*** Opening of Exercise data ***

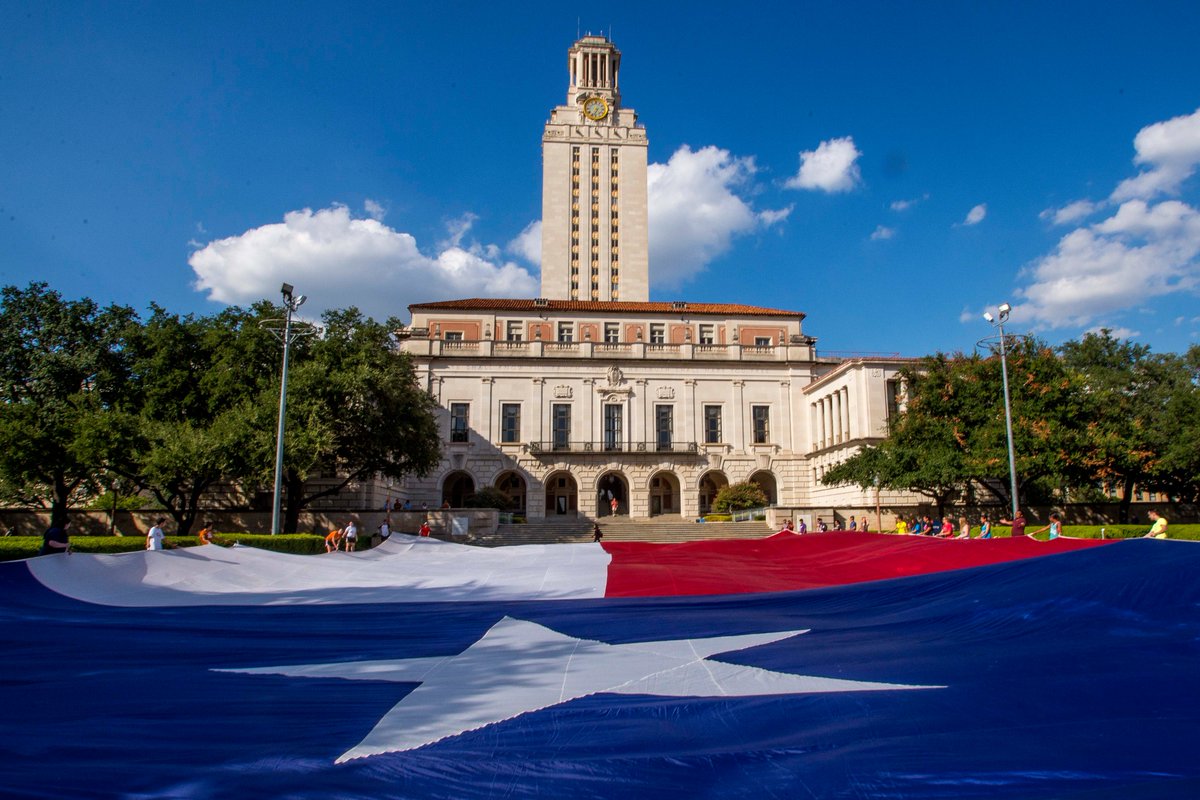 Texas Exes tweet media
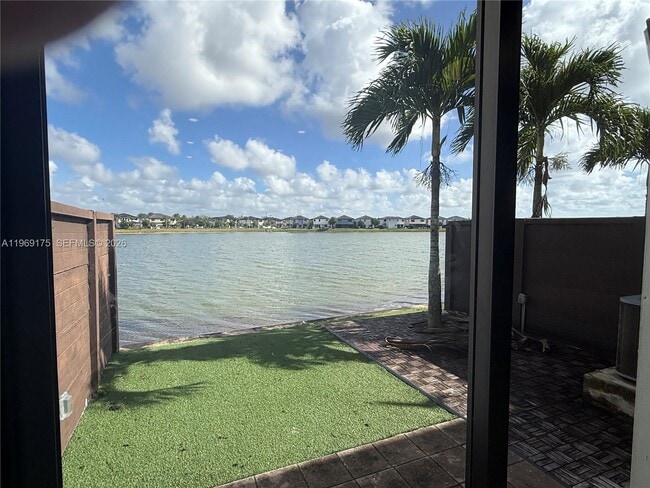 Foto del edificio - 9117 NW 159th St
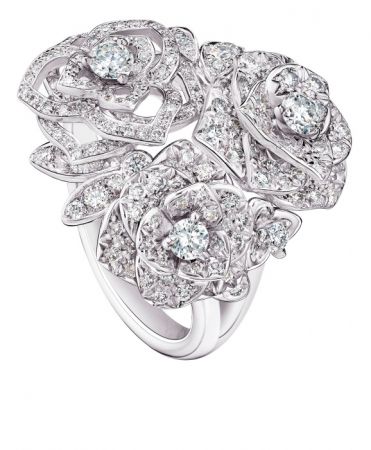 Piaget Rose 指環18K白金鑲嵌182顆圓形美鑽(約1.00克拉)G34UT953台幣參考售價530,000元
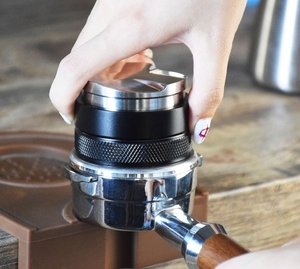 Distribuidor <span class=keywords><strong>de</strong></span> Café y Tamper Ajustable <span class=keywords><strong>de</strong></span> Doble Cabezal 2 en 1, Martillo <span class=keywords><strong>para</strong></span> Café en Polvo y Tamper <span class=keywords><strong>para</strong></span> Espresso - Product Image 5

*** Close of Exercise data ***

• _Exercise_
Word-for-word transcription: the whole listing, with images excluded.

• _Answer box_
 Texas Exes tweet media
 Foto del edificio - 9117 NW 159th St
 Piaget Rose 指環18K白金鑲嵌182顆圓形美鑽(約1.00克拉)G34UT953台幣參考售價530,000元
 Distribuidor <span class=keywords><strong>de</strong></span> Café y Tamper Ajustable <span class=keywords><strong>de</strong></span> Doble Cabezal 2 en 1, Martillo <span class=keywords><strong>para</strong></span> Café en Polvo y Tamper <span class=keywords><strong>para</strong></span> Espresso - Product Image 5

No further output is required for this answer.